# What to do
Retype every line from the start of the data down to and including the line with "Gương đồng đen". Skip the pictures.

[Image-text web data]
────────────────
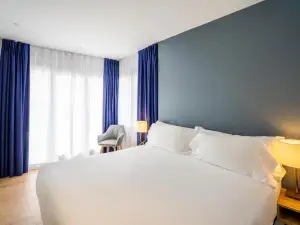 Abba Apartments Playa de Gros San Sebastián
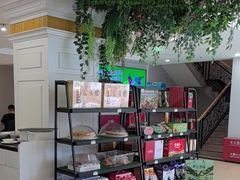 -新疆兵团食府清真(马连道店)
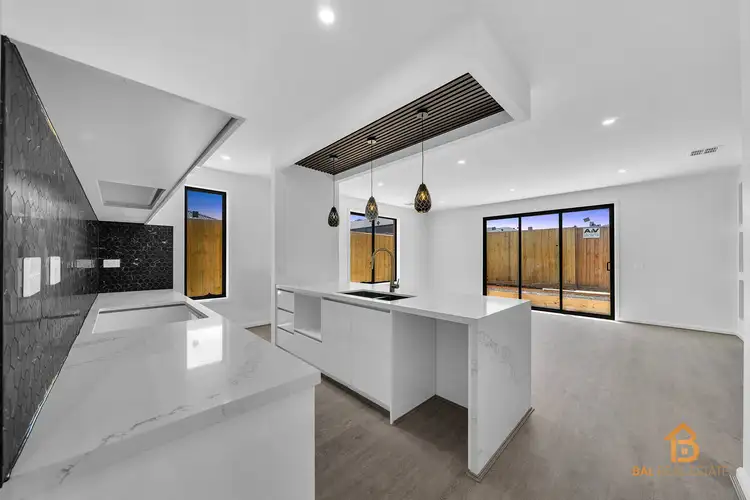 Fifth view of Homely house listing, 108 Fantail Way, Brookfield VIC 3338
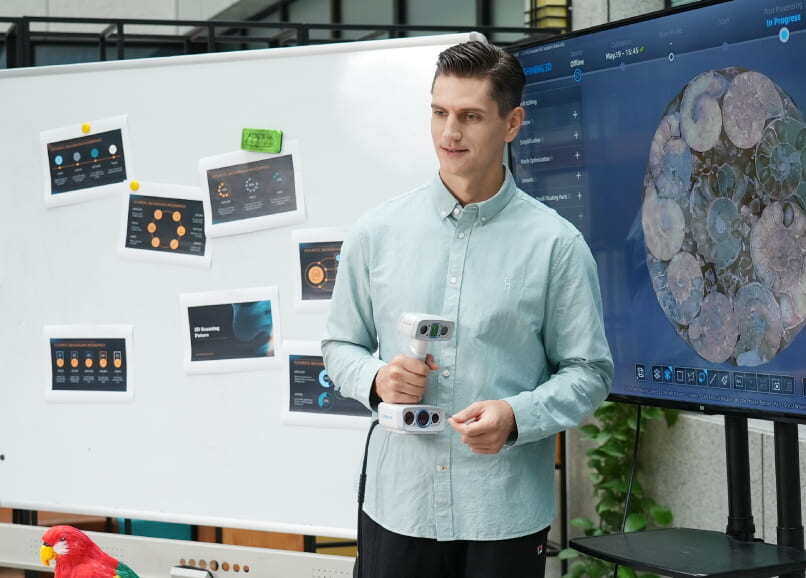 Hibrit Işık Kaynağı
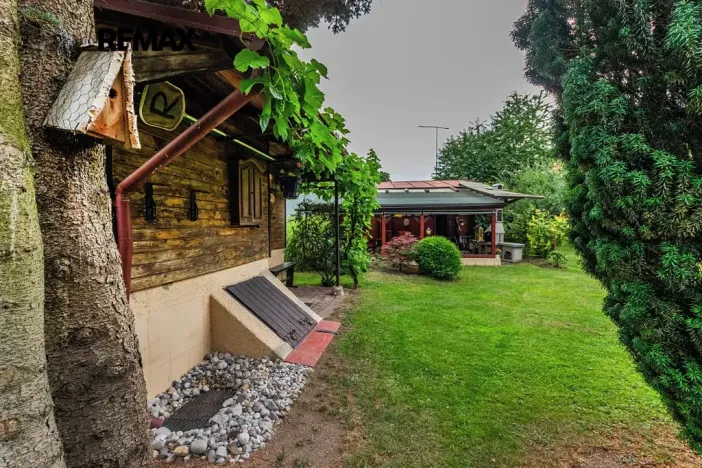 Prodej zahrady, Praha - Veleslavín, 742 m2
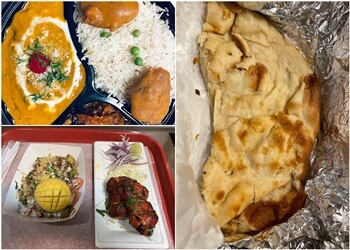 Akron Indian Restaurants Heera Indian Cuisine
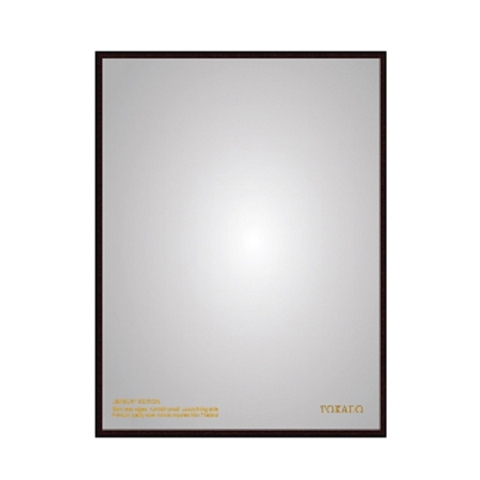 Gương đồng đen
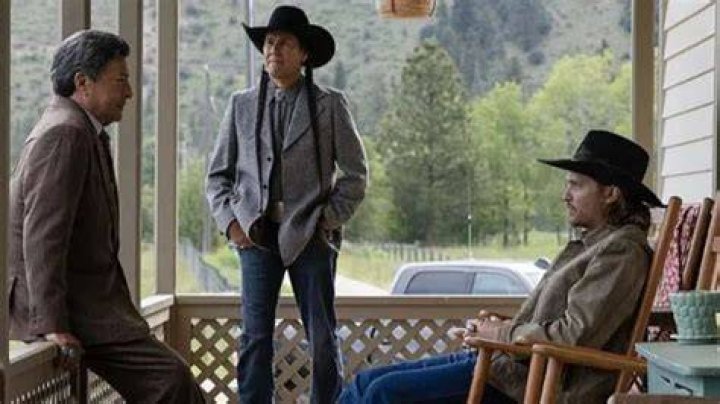 Unveiling The Tragic Story Of Cody Ring: Yellowstone's Fatal Fall
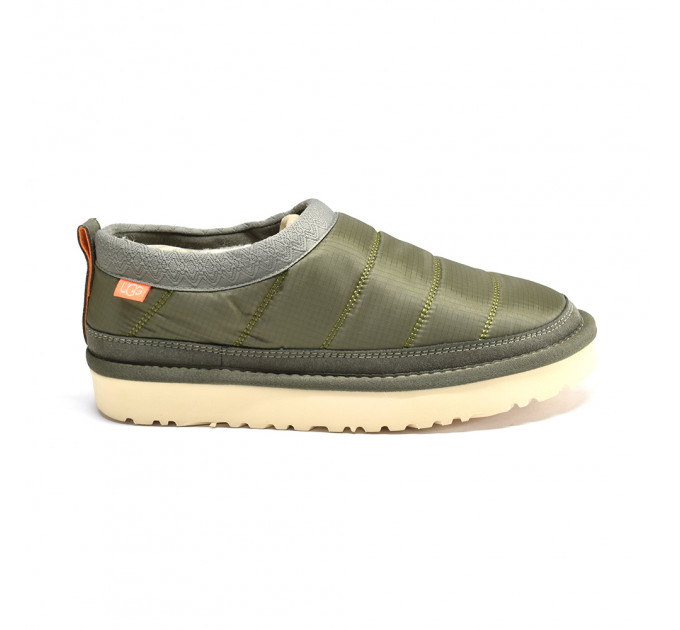 WOMEN'S TASMAN LTA II KHAKI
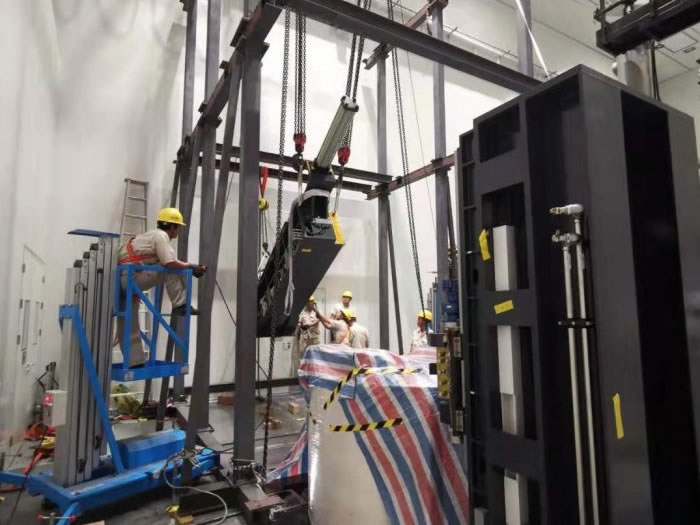 設（shè）備安裝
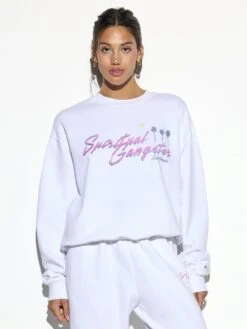 Spiritual Gangster La Brea Crew 14 Spiritual Gangster La Brea Crew -Underwear Promotional Store 1127057992D0 OM F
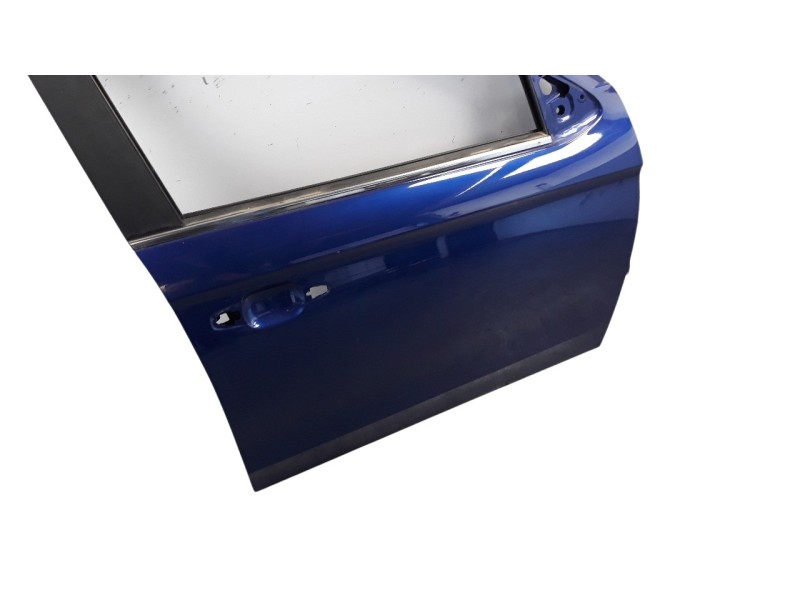 Recambio de puerta delantera derecha para citroen c-elysée 1.5 blue-hdi fap referencia OEM IAM 9675195080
────────────────
# Solution for this task
 Abba Apartments Playa de Gros San Sebastián
 -新疆兵团食府清真(马连道店)
 Fifth view of Homely house listing, 108 Fantail Way, Brookfield VIC 3338
 Hibrit Işık Kaynağı
 Prodej zahrady, Praha - Veleslavín, 742 m2
 Akron Indian Restaurants Heera Indian Cuisine
 Gương đồng đen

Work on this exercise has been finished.